* Your goal: In the data below, begin at the line with "Hiipeak Lightweight Trekking" and stop after the line with "Spooky halloween illustration"; output those lines exactly and no pictures.

* Excerpted data:

##############################

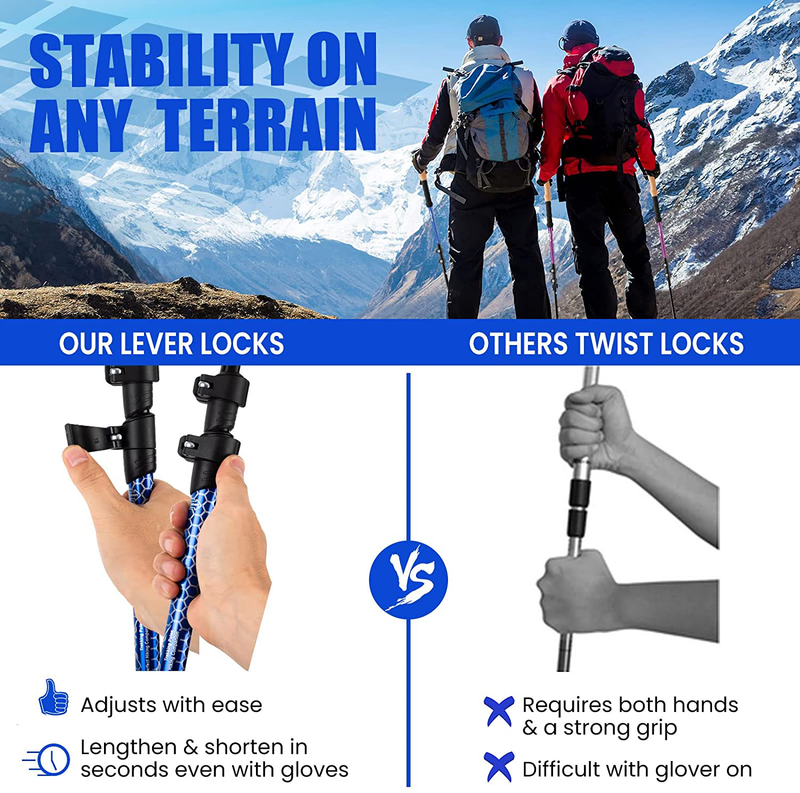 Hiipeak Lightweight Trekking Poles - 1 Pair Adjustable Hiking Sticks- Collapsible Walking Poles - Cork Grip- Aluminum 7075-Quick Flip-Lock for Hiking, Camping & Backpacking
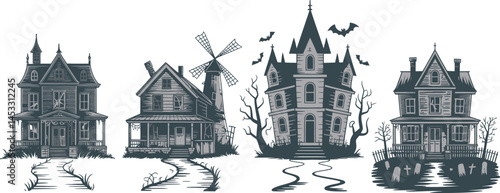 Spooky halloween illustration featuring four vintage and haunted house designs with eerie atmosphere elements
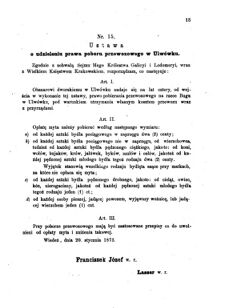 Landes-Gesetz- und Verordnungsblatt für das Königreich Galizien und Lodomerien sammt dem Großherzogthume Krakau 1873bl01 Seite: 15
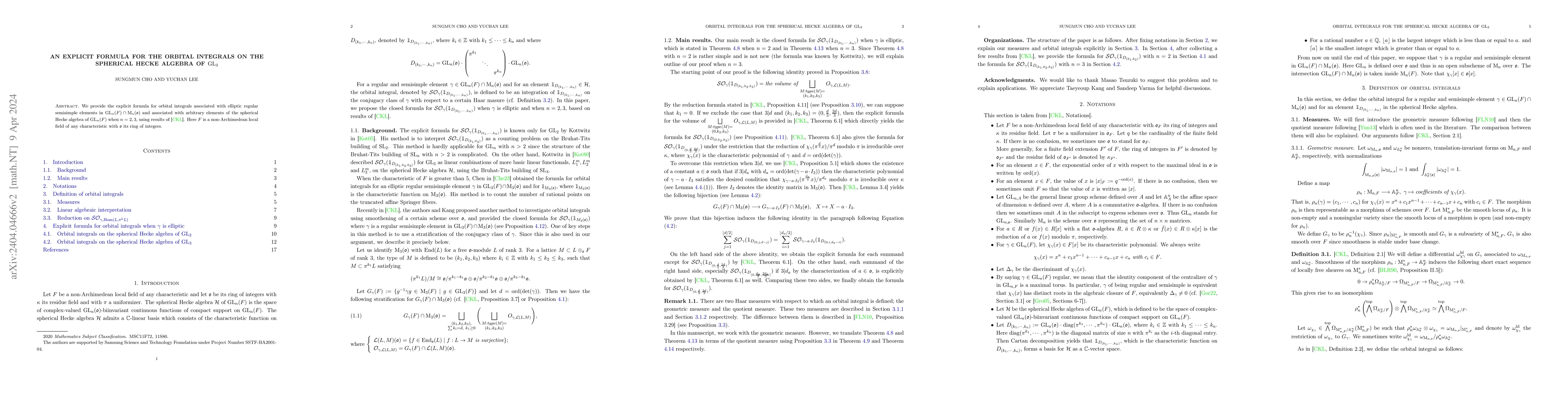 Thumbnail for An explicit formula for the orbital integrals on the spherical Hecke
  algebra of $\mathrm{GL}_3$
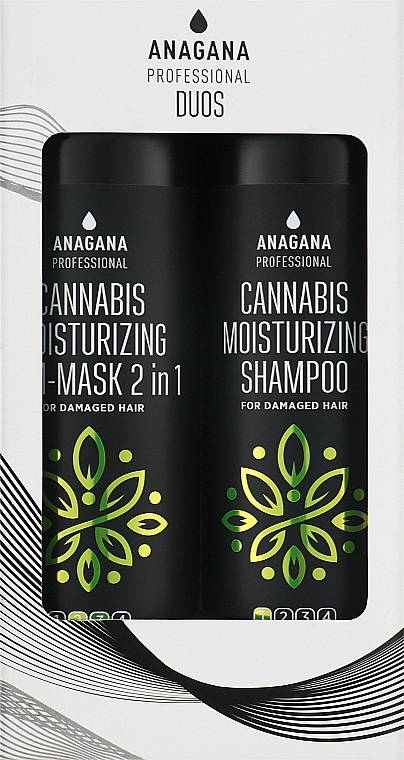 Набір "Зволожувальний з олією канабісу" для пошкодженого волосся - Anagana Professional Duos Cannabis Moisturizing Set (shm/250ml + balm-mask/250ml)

##############################

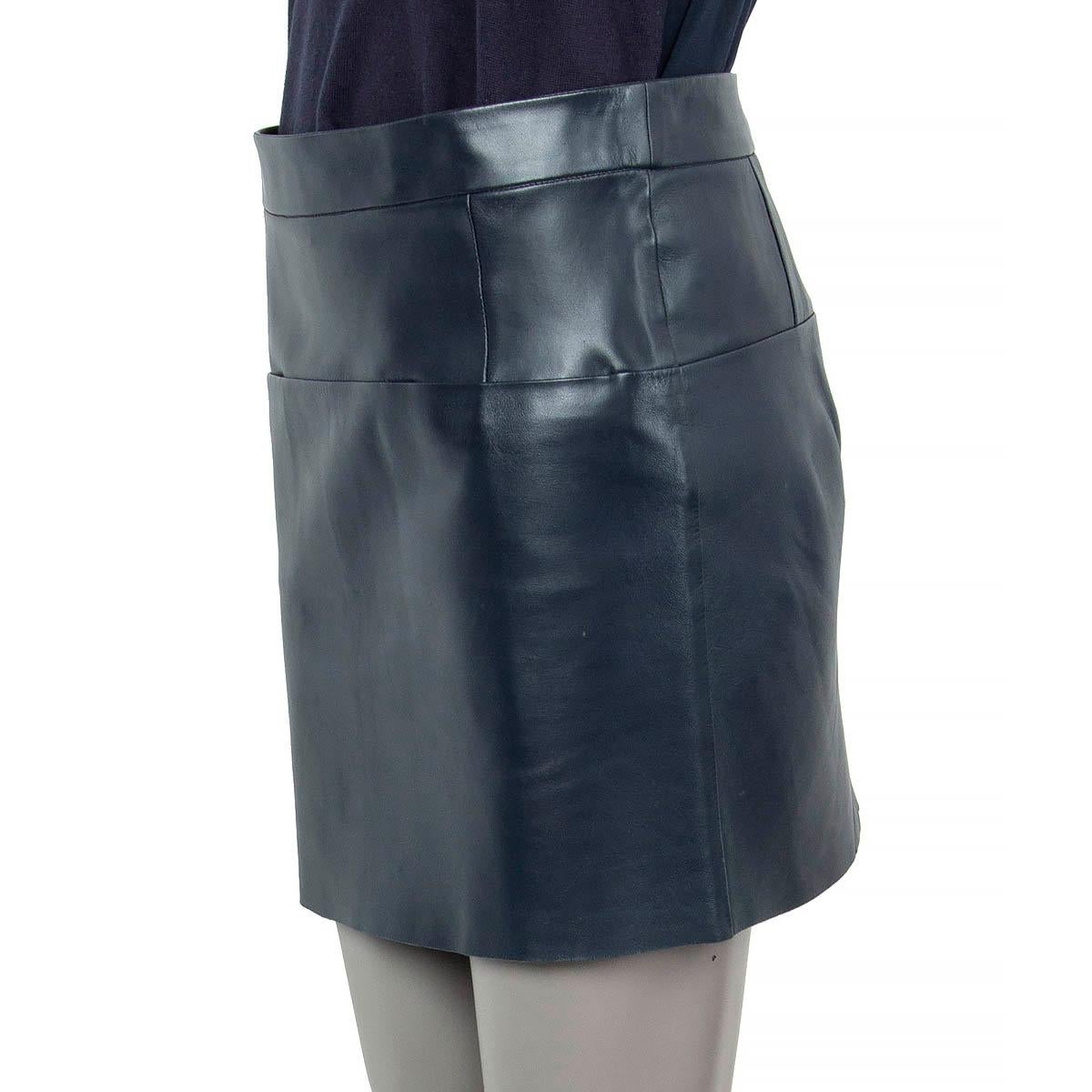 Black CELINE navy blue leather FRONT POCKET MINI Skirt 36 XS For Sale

##############################

* Task result:
 Hiipeak Lightweight Trekking Poles - 1 Pair Adjustable Hiking Sticks- Collapsible Walking Poles - Cork Grip- Aluminum 7075-Quick Flip-Lock for Hiking, Camping & Backpacking
 Spooky halloween illustration featuring four vintage and haunted house designs with eerie atmosphere elements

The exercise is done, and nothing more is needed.